On 19 April 2018 at 14:40, Wells Oliver <wells.oliver@xxxxxxxxx> wrote:
Had an issue tonight where I had a bunch of stalled queries from a client connection and I just... could... not... kill... them. We disconnected the client machine, turned it off, picked it up, shook it around, yelled at it, and still these idle queries remained in pg_stat_activity.Then I did select pg_cancel_backend(pid) from pg_stat_activity where client_addr = '..' and they just would... not... go.. away.So me being the big smart system administrator guy with shell access, I logged in, and did a kill -9 xxx where xxx was the sme pid from the pg_stat_activity result and... they finally went away!Felt good about myself until I realized, well, so did every other connection, and in fact PG momentarily went into recovery mode.Everything was fine, but a) why is it a bad idea to kill -9 a client PG process, but pg_cancel_backend() is OK-- and b) what to do about stalled PG queries that won't die when you disconnect AND when you pg_cancel_backend() them?
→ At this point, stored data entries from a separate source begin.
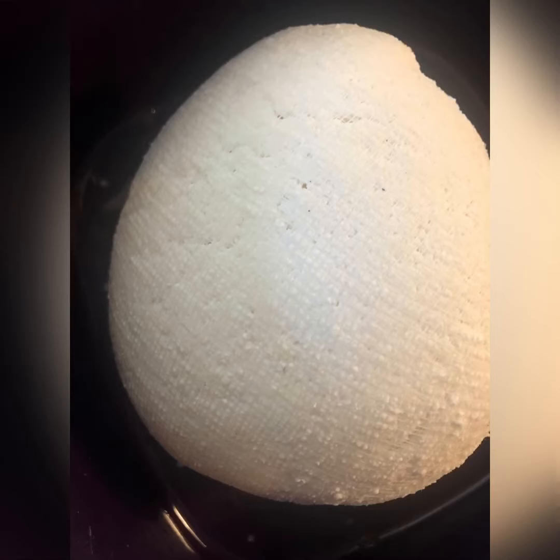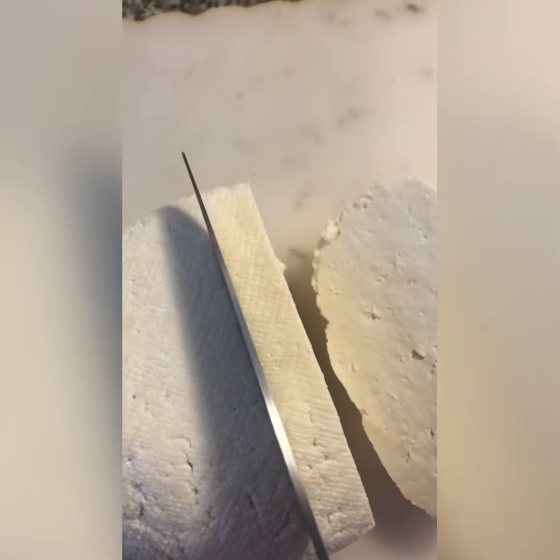Shape it as round. Then slice it and place it into water.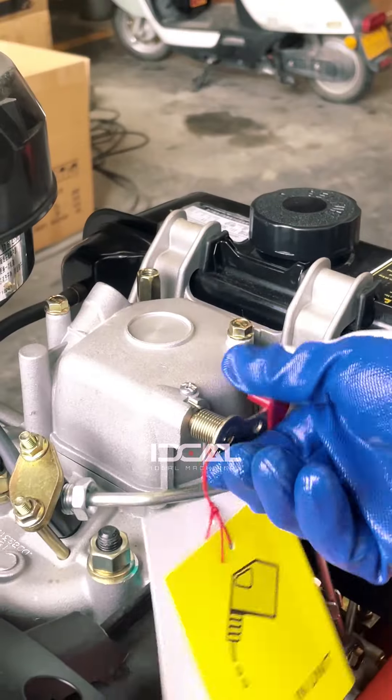Shut down and reduce the throttle to the minimum. The machine stops vibrating. Turn off the ignition key.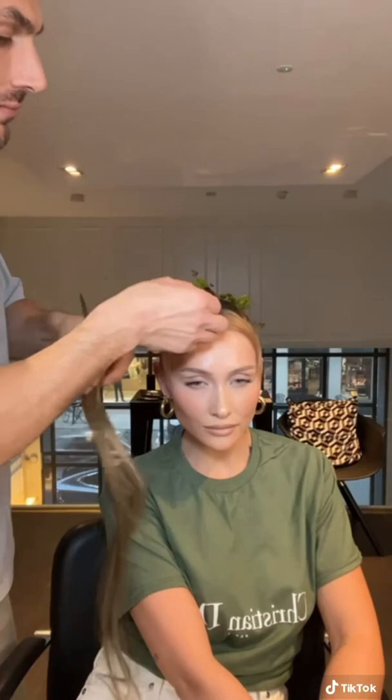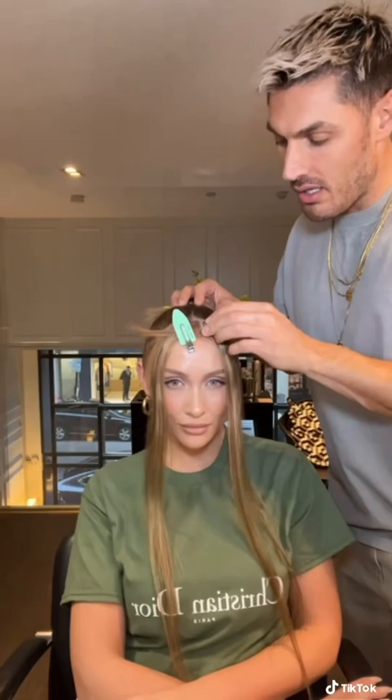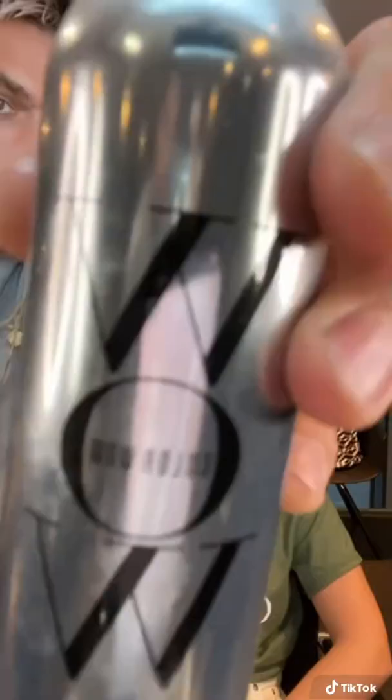Her front pieces were short so I added a clip-in extension either side. I like to fill out the roots with the Color Wow Root Touch-Up powder because it kind of hides your extensions and makes it flawless. I'll cut it with a razor so it blends, and then add some extra shine spray just for that super high gloss.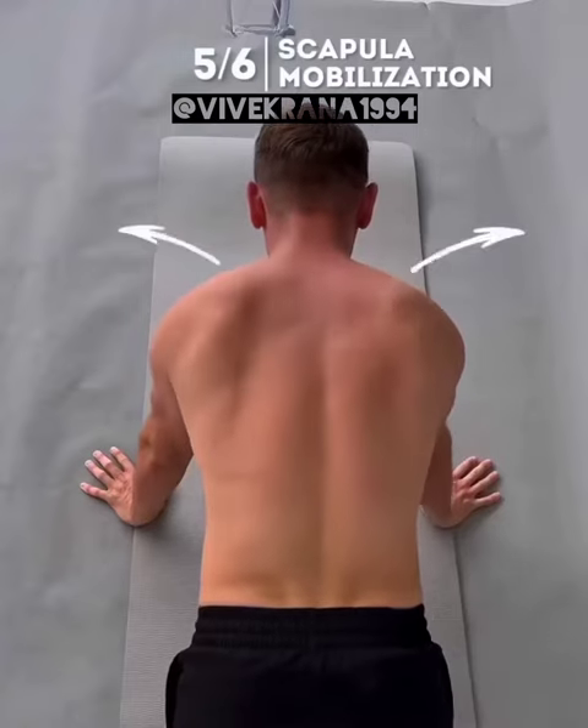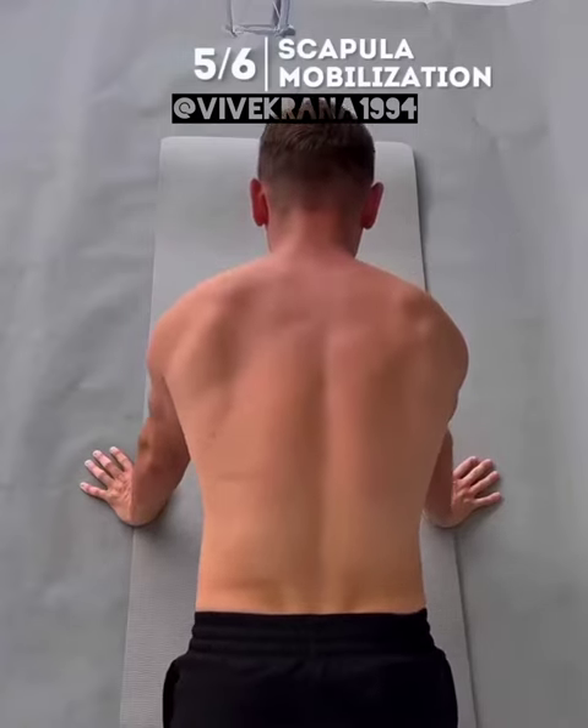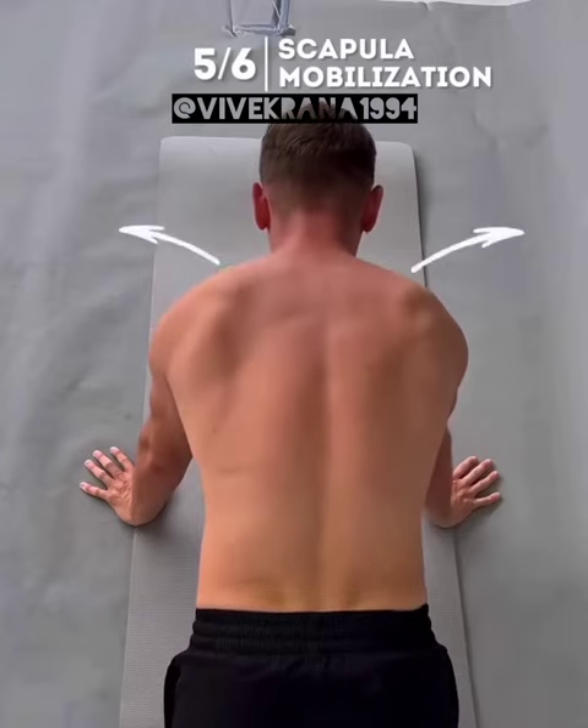Then on straight arms, lower and raise your body. This will cause your shoulder blades to move inward and outward.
Not sure about postgres specific reasons not to kill -9, but from a more general perspective, kill -9 should only be used once all other more 'polite' kill requests have been attempted. For example, kill -TERM The problem with kill -9 is that it is a hard, non-catchable kill signal - this means there is no opportunity for the process to handle the request and cleanup before it quits. This can result in memory not being released or being corrupted as well as other resources not being released. Rather than going straight for kill -9, at least try kill -15 (TERM) first. If that doesn't work, then pull out the big gun.
-- regards,
Tim
--
Tim Cross